I have been fearing this day since I graduated college.
The envelope looked different than any other mail I’d ever gotten.
I opened up the registered letter and there it was, a cheque for $20 and a subpoena.
“TAKE NOTICE that you are required to attend and testify as a witness in the place, date, and time set out below. You are also required to bring with you all documents in your possession or control relating to the matters in question in this proceeding.”
What was I going to do?
I don’t want to go to court and testify!
At the end of the letter it clearly states:
“if a person, contrary to these Supreme Court Civil Rules and without lawful excuse, refuses or neglects to obey a subpoena or to attend at the time and place appointed for his or her examination, is guilty of contempt of court and subject to the court’s power to punish contempt of court.”
Looks like I have no choice.
I am not looking forward to this.
Compensation For Being A Massage Expert Witness
I really wasn’t sure what to do.
It was quite insulting that a lawyer would send a cheque for $20 (the requisite witness fee) to force you to be a professional witness in an insurance claim that was being fought in order to achieve a settlement for the claimant and themselves.
Not only would I have to take time off work and lose pay, but there is also prep work to be done.
Before I called the lawyer in question, I figured I would talk to our provincial association for some advice first.
The association had some good advice as far as what should be charged in cases like this.
- Testimony in court $700 per half day
- Court prep time $93/hour
- Production of records $100 or $.50 per page.
I had no idea if I was just supposed to demand this or if it was assumed. I was told just talk to the lawyer and explain what was recommended to me.
Calling their office, the lawyers assistant answered.
I laid out what I thought compensation should be.
She responded and said, “okay you can bill us for the $93/hour, but no judge is going to pay you $700, that’s the kind of money they give brain surgeons”.
As we chatted about what would happen, I told her this scared the crap out of me.
Her response set me at ease: “Don’t worry about it, it’s not like TV. You’re a good person, as long as you don’t rob a bank in the meantime you have nothing to worry about. All you have to do is just show up and be honest, they’re not going to try and trip you up.”
Now it’s time to prep.
Prepping A Massage Therapist For Court
The lawyer had me come in to the office for an hour to prep.
We went through all my notes to make sure he could understand them and of course to see what I could remember.
Scouring over the notes, he asked for explanations on what he was reading. Deciphering what different orthopedic tests meant and what I was testing for. Looking for explanations on why there were missed appointments, why would I work on one area one day and a different area on another.
Some of those treatments were three years ago!
Then it was time to tell me what to expect and what was expected of any Massage Therapist called in as a witness.
Just be honest. If you don’t remember something just be straight up about it.
While the opposing lawyer is working for the insurance company and wants to win, they will not cross examine you like you see on TV. They will ask you questions more to try and discredit the patient, not you as a therapist. Just be honest with them.
If you’re asked a question, you answer the judge. While it may be either lawyer asking, you look at and direct all answers to the judge.
Dress appropriately, wear a suit.
Show up early and look for directions as to which room the case will be argued in.
While you are scheduled to be there, you may not be called. It will depend on how the case goes.

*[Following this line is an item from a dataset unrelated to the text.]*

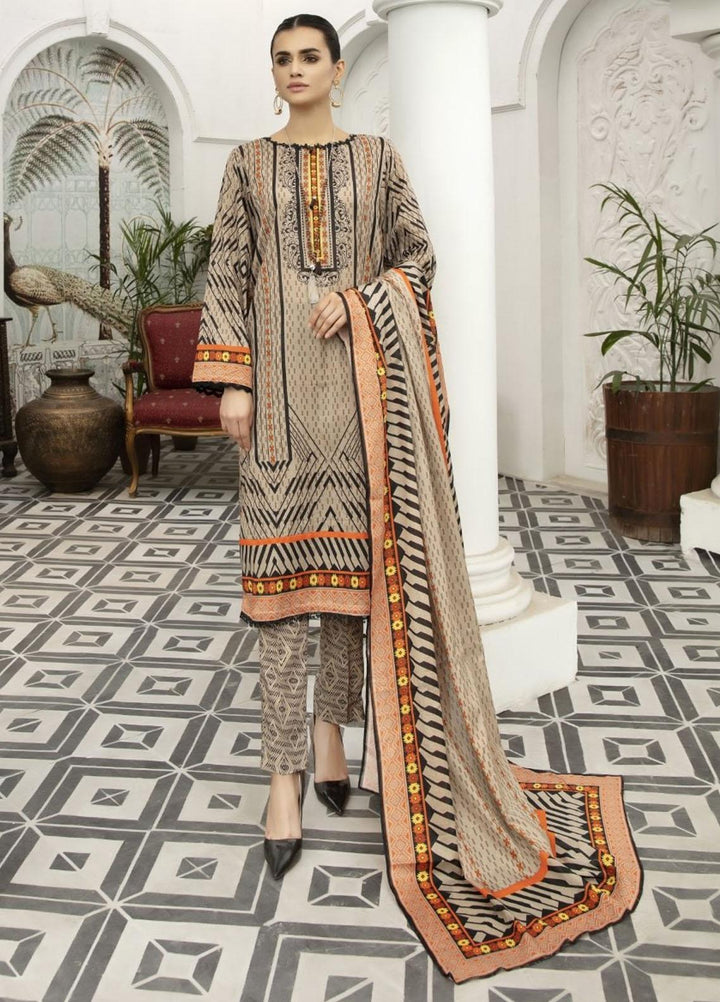 Jhalak by Ittehad Textiles Printed Lawn Suits Unstitched 3 Piece ITD21J 21206B - Summer Collection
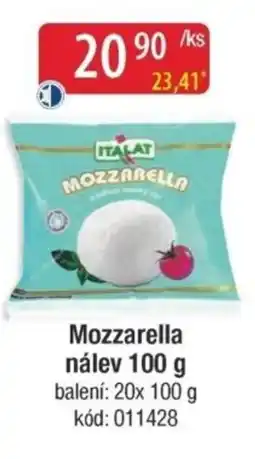 Qanto Mozzarella nálev nabídka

If the case is settled before hand, you’ll be informed that you don’t need to show up that day and although the case could go on all week, you will only be called for the scheduled day and time that we ask for.
We discussed compensation.
He confirmed that $700/ half day was more than would be given, he did agree that $100/hour for time spent was appropriate as long as I was fine with that.
Two days before the case went to court, they settled. I was fortunate to not have to go. Although I will admit there was some disappointment, I ended up really wanting to see what it was like. Overall it didn’t end up being as scary an experience as I thought (even though I didn’t have to go to court) and as the lawyer and I talked I thought he was fair. He paid the $100/hour for the hour I spent with him and for the hour to get any extra paperwork together, in addition to the bill I had given them months earlier for sending them my charts.
The experience also made me realize that my charting should be better than it was. The lawyer wasn’t totally sure if he’d be able to use them. Some treatment notes were more detailed than others and not all of them were specific enough. Make sure that if you’re ever working with patients who are involved with insurance companies that your note taking is top notch. This is another way for us to prove not only our worth as Massage Therapists, but also our professionalism as one.